28.1.08

Comer no mantel

Um dia - e já lá vão mais de 24 anos - alvitrei à minha cara metade para fazermos uma visita à Galiza, fomos e ficamos apaixonados à primeira vista. As paisagens das rias em conjunção com as belezas feitas pela mão do homem tornam a Galiza maravilhosa e fazem apaixonarmo-nos por ela.
Eu, a viver no Norte já andava farto de ir a Esposende, Ofir e Apúlia, apanhar vento todo o dia em pleno verão, vejo-me de repente nas praias do Samil em Vigo, América perto de Bayona, Cangas do outro lado ria, Sanxenxo, Raxó, Paxarinhas, estas já na ria de Pontevedra e finalmente a ria de Arosa, em todo o seu esplendor com O Grove e a ilha de A Toxa (la Toja) e fico extasiado.

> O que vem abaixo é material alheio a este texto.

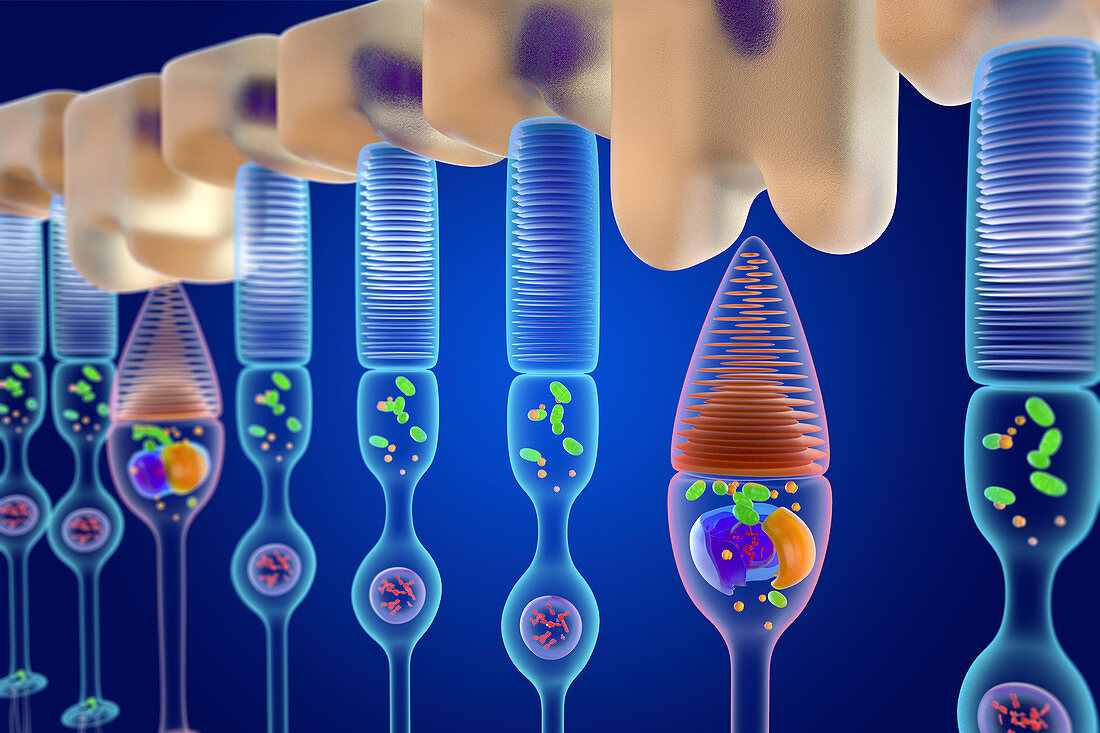 Rod and cone photoreceptor cells, illustration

A ria estava com a maré baixa e centenas de pessoas apanham bivalves para uns baldes e sentimos ganas de fazer o mesmo. Mais tarde soubemos que não era possível; aquela apanha era o trabalho de grande parte da população, seguindo depois aquele marisqueio para as depuradoras antes da venda nos mercados.

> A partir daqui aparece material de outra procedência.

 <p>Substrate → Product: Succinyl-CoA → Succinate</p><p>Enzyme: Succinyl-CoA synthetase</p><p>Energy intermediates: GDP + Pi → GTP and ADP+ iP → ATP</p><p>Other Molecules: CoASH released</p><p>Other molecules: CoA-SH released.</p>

Aprendi como se apanha, trata e comercializa para todo o Mundo a riqueza do marisco da Galiza, que tanto tem contribuído para o desenvolvimento daquela região.

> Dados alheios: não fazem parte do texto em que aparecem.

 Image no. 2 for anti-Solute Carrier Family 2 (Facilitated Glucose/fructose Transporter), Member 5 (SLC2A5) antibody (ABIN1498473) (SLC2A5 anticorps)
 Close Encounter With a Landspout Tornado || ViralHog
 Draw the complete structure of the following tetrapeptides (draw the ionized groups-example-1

Em O Grove, comprei um piso (apartamento) novo e portanto a partir daí comecei a desfrutar daquelas maravilhas. Criei novos amigos, amizades que ainda hoje perduram e a pouco e pouco fui esquecendo Lisboa e a necessidade de vir matar saudades. Nesta altura sou eu que vivo ruído delas, pelos momentos inolvidáveis que lá vivi com a boa gente que encontrei e conheci.
Besada, nome de um desses grandes amigos, convidou-me certo dia de semana para almoçar com ele, tendo escolhido um dos melhores restaurantes da povoação, propriedade de um seu amigo e conterrâneo. Na época baixa e aos dias de semana o movimento é reduzido, consequentemente os restaurantes trabalham a 1/5 do seu movimento de fim de semana. Entrámos e encontravam-se já 2 casais (por sinal de portugueses) a almoçarem cavaqueando entre si. Todas as mesas do restaurante estavam postas para a eventualidade de aparecerem clientes e quando prontas para utilização têm normalmente dois pratos sobrepostos. Escolhemos uma mariscada, uma garrafa de Conde Albarrei, “albarinho” galego, bebemos um copo, petiscámos o pulpo à Féria e esperámos pelo prato forte para um repasto bem regado.
A mariscada era tão farta que daria aí para 5 pessoas, portanto era arregaçar as mangas e avançar para a sua degustação. Pedimos nova “botella” de C. Albarrei e preparamo-nos para a refeição que prometia.
Tenho por hábito, quando como alguma coisa que é necessário tirar as cascas, sacar estas e depois tranquilamente comer de faca e garfo, foi o que fiz, tendo-me acontecido esta faceta. Descascava e fazendo divisão no prato colocava o interior de um lado e as cascas noutro tendo ficado como será óbvio com o prato completamente cheio. Portanto maquinalmente levanto o prato de cima e passo para o de baixo a parte que iria comer colocando o prato desnecessário na outra mesa que estava ao meu lado direito e que não tinha clientes.
O amigo Besada chama-me a atenção de que disponha de pratos na mesa ao lado, e que poderia tirar um, dizendo-lhe eu que não era necessário e estaria bem assim.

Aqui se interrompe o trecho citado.